Incident Report: Thursday, 20:25 – Friday 01:15 UTC
Last night, a failure in the storage layer caused most of our services to be unavailable. In the week before, we replaced a failed hard drive. In the week before that, a so-called Virtual Fabric Adapter failed, causing a hypervisor to shut itself off. Since the most recent incident was the more serious downtime, that’s what we’ll start our reporting on.
Late on Thursday, at about 20:25 UTC, an alert was issued from one of two controllers for the primary, most important storage device, reporting itself as having corrupted its own software files.
This causes the controller to render itself out of service, and while multipath is used providing a secondary (and tertiary, and quaternary, but half of those use the same disk I/O controller) path to the same storage, it is not the very same instant this failover occurs.
As such, some systems will cause themselves to be unable to perform I/O, however temporary the problem might have persisted, and mount their filesystems read-only. For a service that takes more data in than it lets out, read-only filesystems are not great.

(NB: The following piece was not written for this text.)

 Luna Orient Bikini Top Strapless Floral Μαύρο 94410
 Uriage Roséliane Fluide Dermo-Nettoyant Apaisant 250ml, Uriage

When we received the alert on Thursday at 20:25 UTC, we almost immediately blocked access to services using I/O, and attempted to initiate recovery for individual virtual machines. This involves;
- Mitigating flapping multipath activation,
- Discovering manual deactivation of certain multipath paths would not be permanent but would cause less flapping,
- Restoring the now secondary I/O controller (called a canister in IBM Storwize V7000 parlance) using the now primary canister, which turned out trickier than you might think,
- Having restored complete multipath disk I/O, powering off and reconfiguring individual virtualization guests in order to ensure its I/O took the then current, preferred path,
- Ensuring our monitoring checks would all report everything being A-OK.
This might illustrate to you how it has taken as much of little under 5 hours, looping the clock back in to the early hours of Friday, September 21st, to declare full recovery. Not a good way to start the autumn!